Go to the end to download the full example code

Identifying stars in a STEREO/SECCHI COR2 coronagraph image#

Since the field of view in SECCHI COR2 images can span 2 to 15 solar radii, we often observe stars in these image data. In this example, we will use the Astroquery package to query the VizieR star catalog for stars observed by the Gaia satellite within the SECCHI COR2 field of view. Then we will use the coordinates framework in SunPy and AstroPy to transform the coordinates returned by VizieR into SECCHI COR2 image coordinates. As a bonus, we’ll also identify Mars.”

This requires the installation of the astroquery package, which can be installed on top of the existing sunpy conda environment: conda install -c astropy astroquery and an active internet connection.

import hvpy
import matplotlib.pyplot as plt
from astroquery.vizier import Vizier

import astropy.units as u
from astropy.coordinates import Distance, SkyCoord
from astropy.time import Time

import sunpy.map
from sunpy.coordinates import get_body_heliographic_stonyhurst
from sunpy.time import parse_time
from sunpy.util.config import get_and_create_download_dir

Let’s download a STEREO-A SECCHI COR2 image from Helioviewer.org which provide pre-processed images and load it into a Map. We download to the default sunpy download directory.

cor2_file = hvpy.save_file(hvpy.getJP2Image(parse_time('2014/05/15 07:54').datetime,
                                            hvpy.DataSource.COR2_A.value),
                           get_and_create_download_dir() + "/COR2.jp2")
cor2_map = sunpy.map.Map(cor2_file)

To efficiently search the star field, we need to know what stars are near the Sun as observed by STEREO. We need the vector that points from STEREO to the Sun. The location of STEREO in HCRS provides the Sun-to-STEREO vector.

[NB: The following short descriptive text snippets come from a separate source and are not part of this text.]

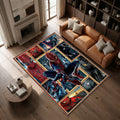 Tapis SpiderMan Venom 2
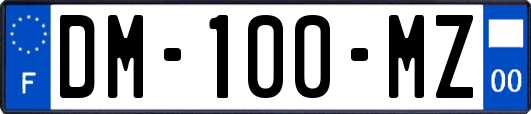 DM-100-MZ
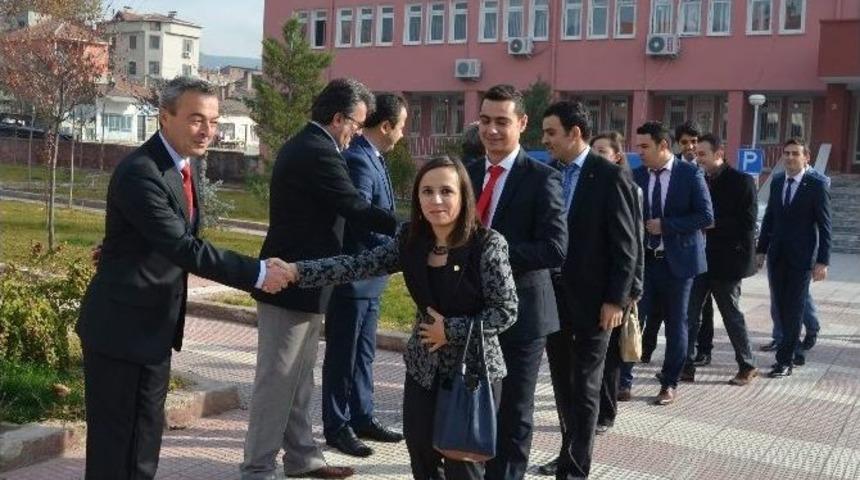 Kargı&rsquo;da &Ouml;ğretmenler G&uuml;n&uuml; Kutlamaları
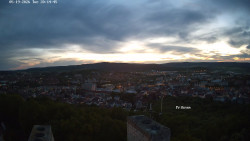 Svatá Hora,Panorama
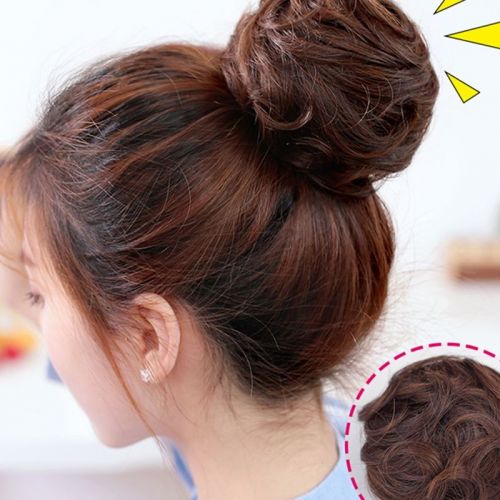 Extension cheveux - Chignon - Ref 241495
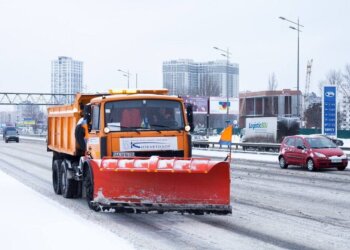 Снегоуборочная техника, фото из свободных источников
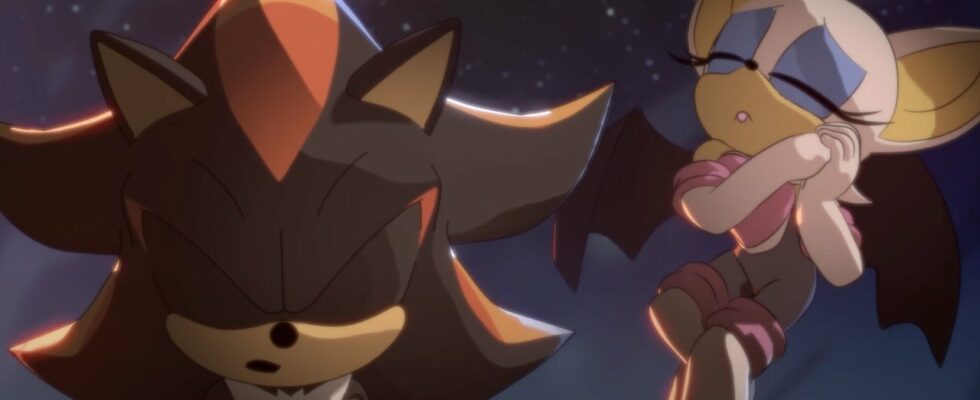 Sonic X Shadow Generations: Dark Beginnings, épisode 2 est maintenant disponible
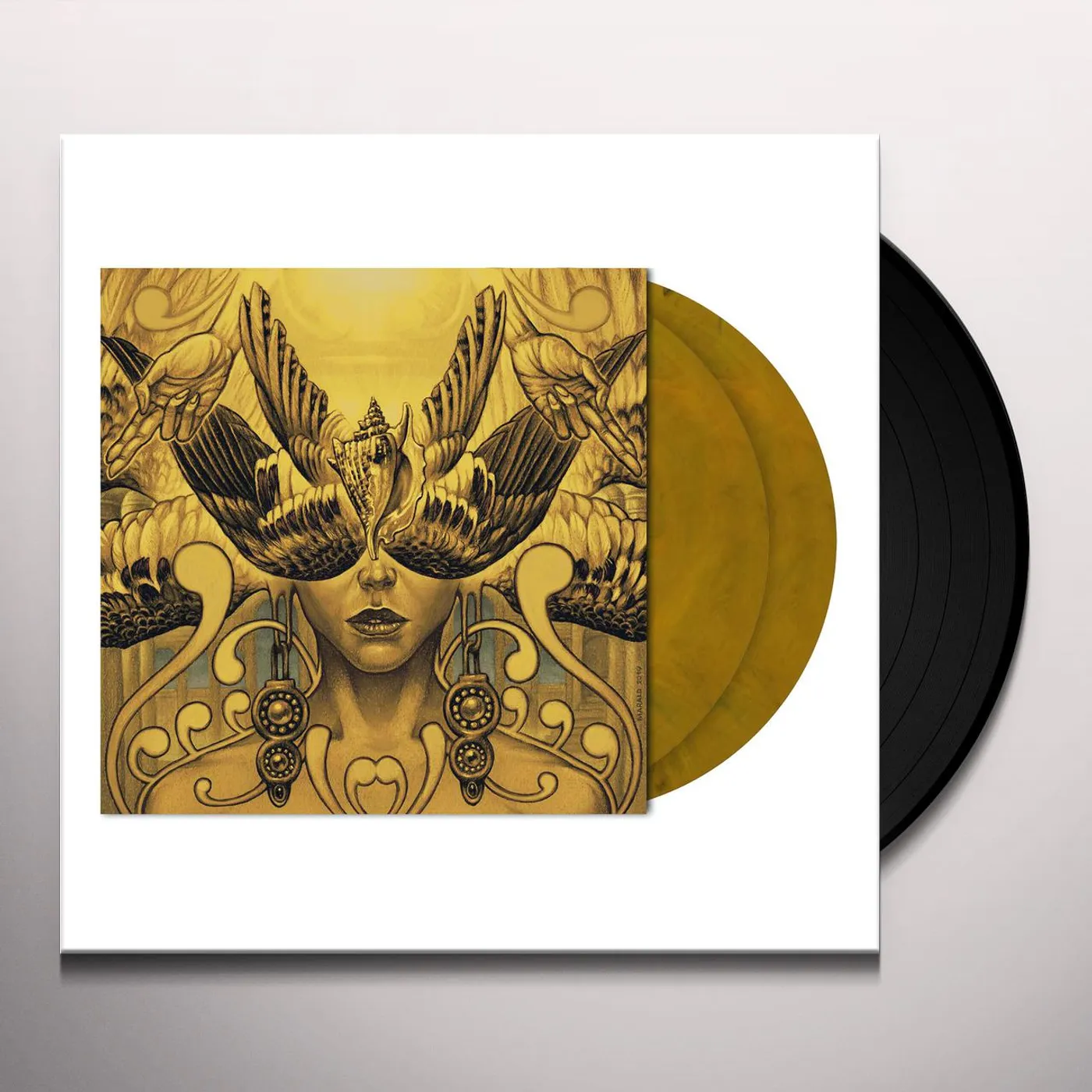 Dvne Etemen ?Nka Vinyl Record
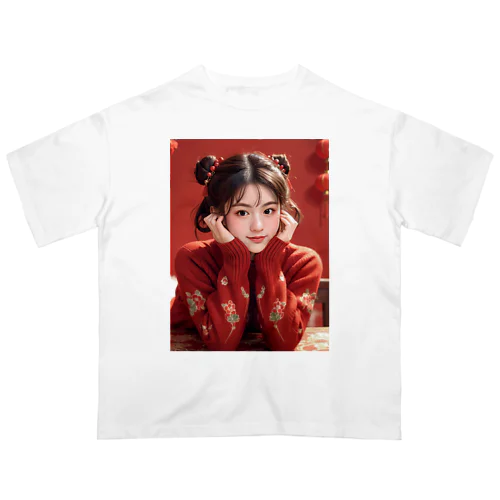 沢村 愛梨 公式グッズ 第2弾 オーバーサイズTシャツ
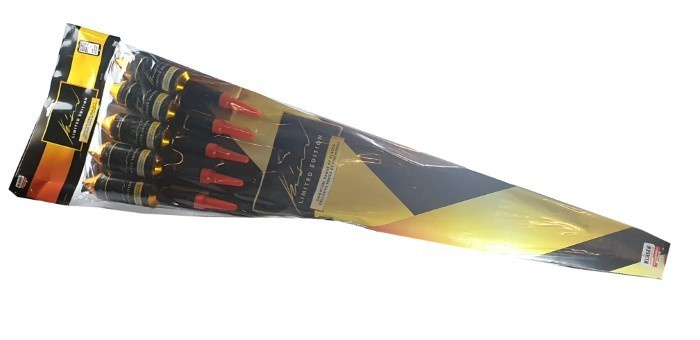 RAKIETY SIGNATURE RANGE EDYCJA LIMITOWANA RSS100 — zdjęcie 2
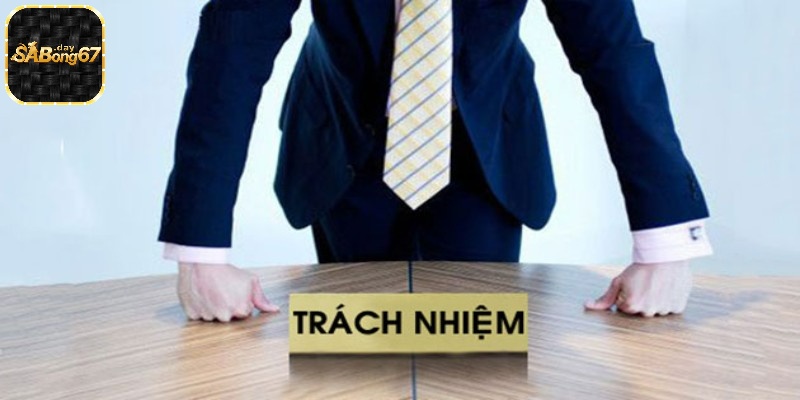 Trách nhiệm chơi các sự kiện khuyến mãi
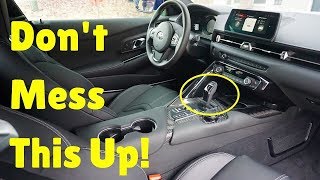 5 Things You Should Never Do In An Automatic Transmission Vehicle [upl. by Walcoff735]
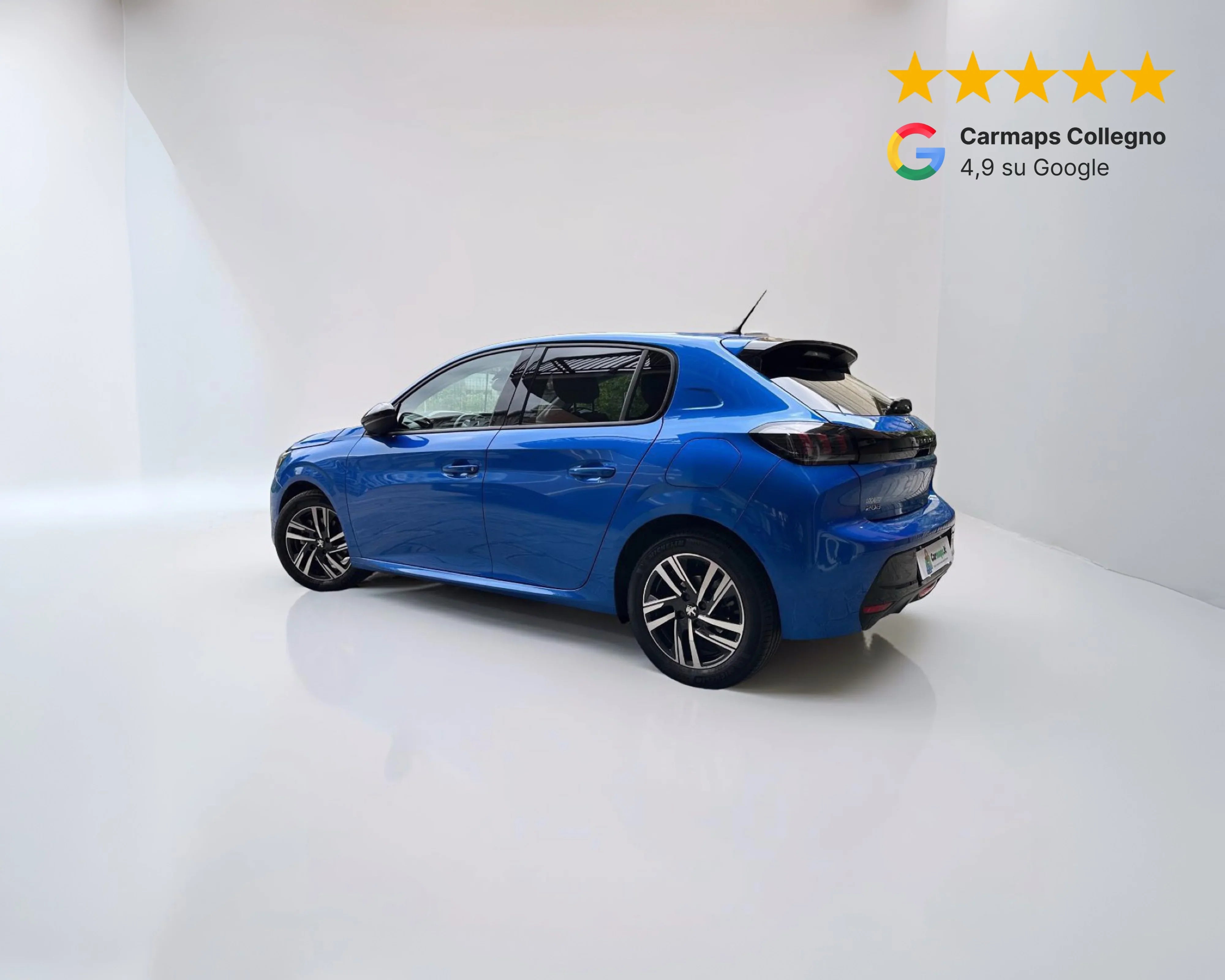 Peugeot 208 PureTech 100 Stop&Start 5 porte Active Pack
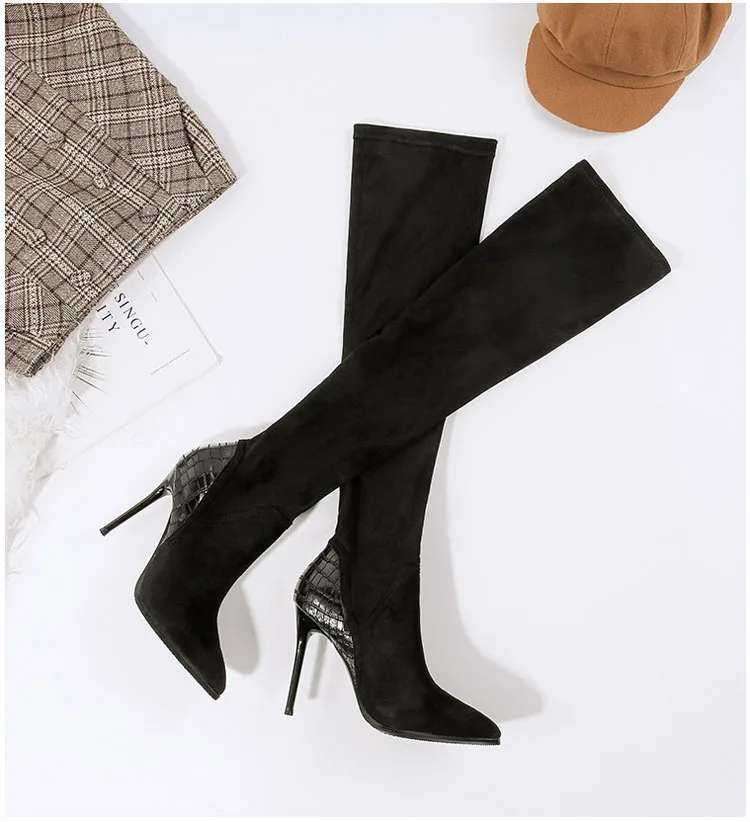 women boots Z536-4
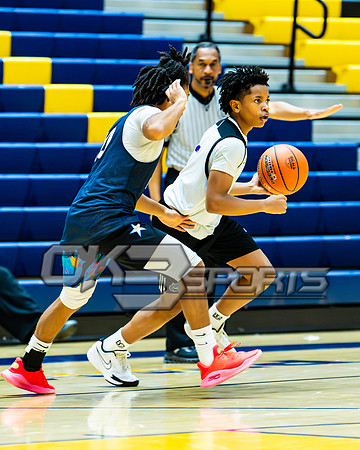 OK3Sports coverage of the high school varsity basketball scrimmage game featuring Dr. Henry A Wise Jr Pumas and the Clarksburg Coyotes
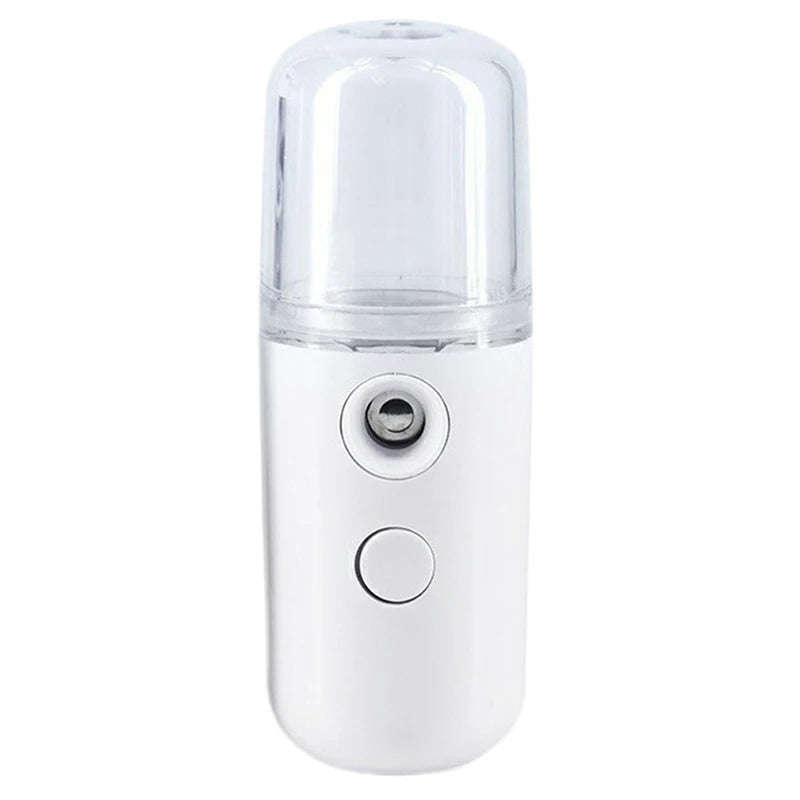 30ml Nano Mister – Portable Facial Humidifier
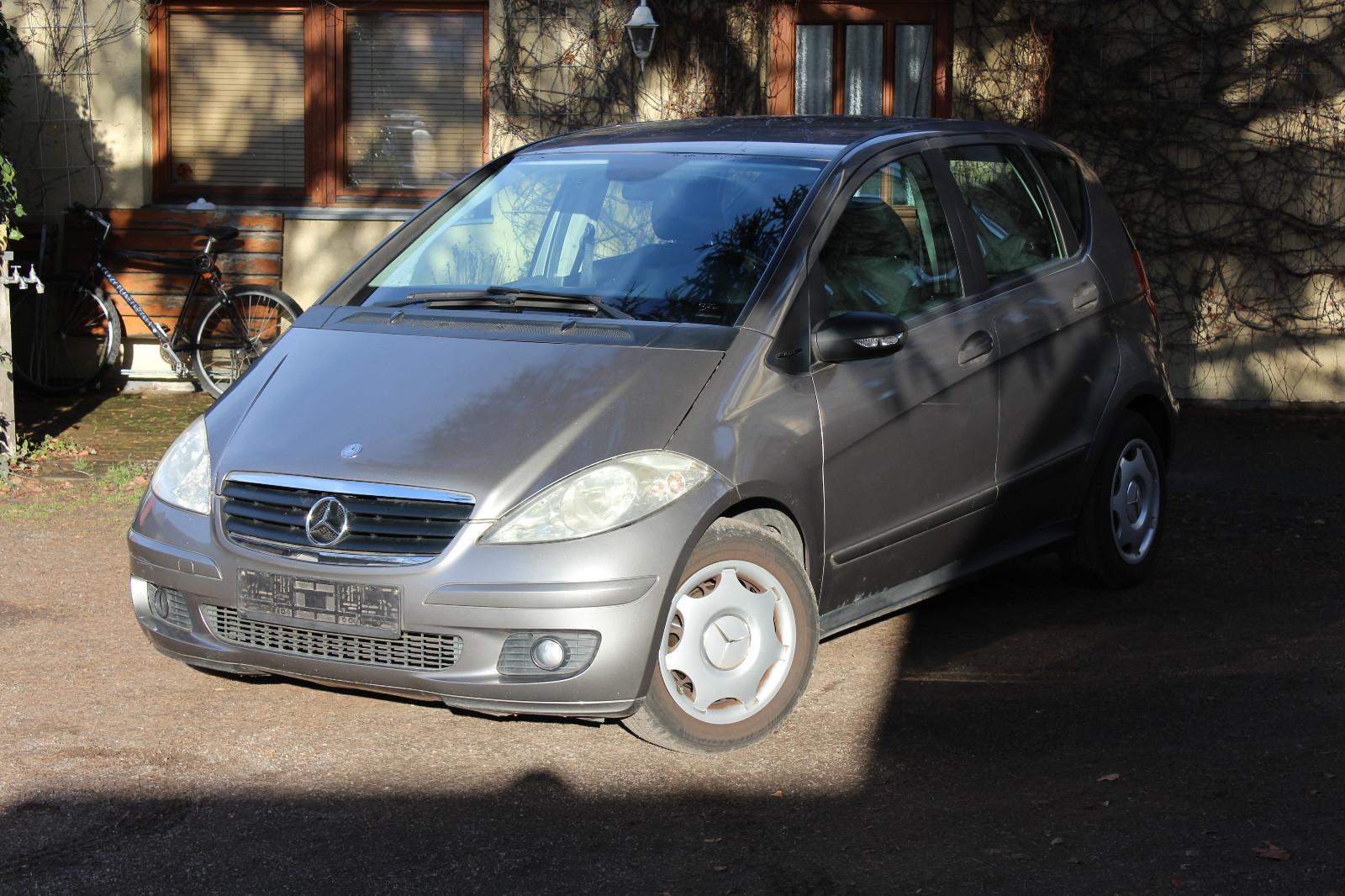 Mercedes-Benz A 170*TÜV 06/2026*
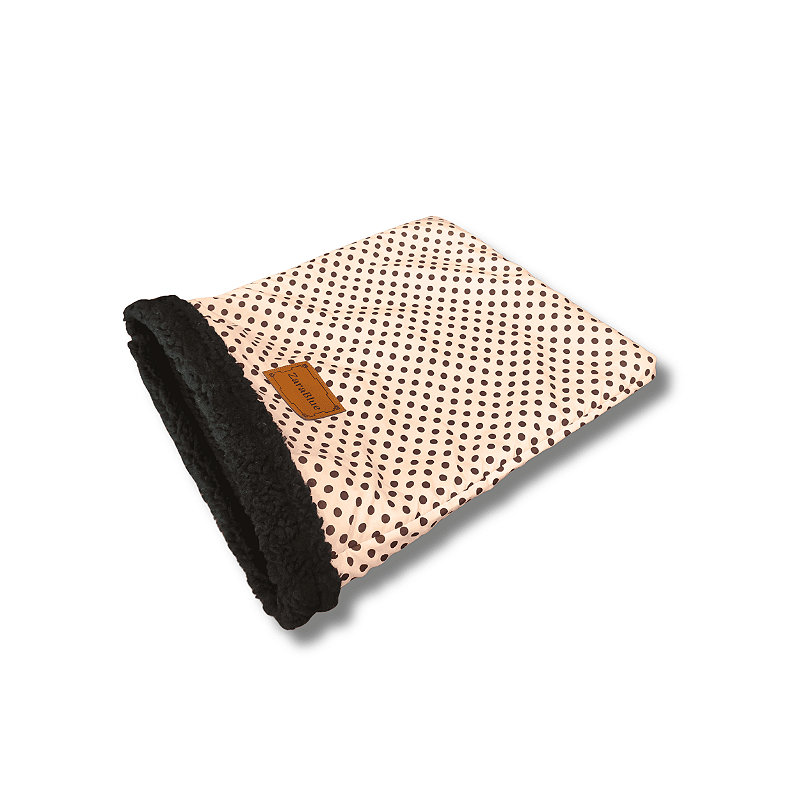 Toca de Gato 50x40 Cachorro Pet Saco de Dormir ZaraBlue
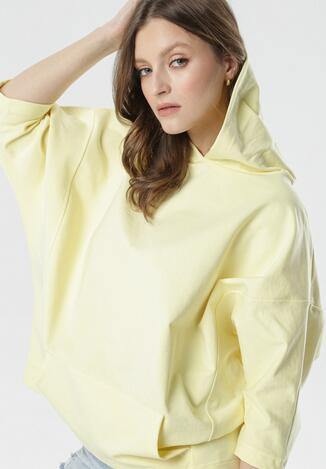 Żółta Bluza Joann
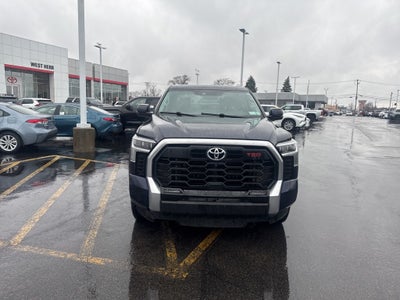 2022 Toyota Tundra Limited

sun_to_stereo = cor2_map.observer_coordinate.transform_to('hcrs')
INFO: Missing metadata for solar radius: assuming the standard radius of the photosphere. [sunpy.map.mapbase]

We next reflect the vector to get our search vector which points from STEREO to the Sun.

stereo_to_sun = SkyCoord(-sun_to_stereo.spherical, obstime=sun_to_stereo.obstime, frame='hcrs')

Let’s look up bright stars using the Vizier search capability provided by astroquery. We will search the GAIA2 star catalog for stars with magnitude brighter than 7.

vv = Vizier(columns=['**'], row_limit=-1, column_filters={'Gmag': '<7'}, timeout=1200)
vv.ROW_LIMIT = -1
result = vv.query_region(stereo_to_sun, radius=4 * u.deg, catalog='I/345/gaia2')

Let’s see how many stars we’ve found.

print(len(result[0]))
23

Now we load all stars into an array coordinate. The reference epoch for the star positions is J2015.5,so we update these positions to the date of the COR2 observation using astropy.coordinates.SkyCoord.apply_space_motion().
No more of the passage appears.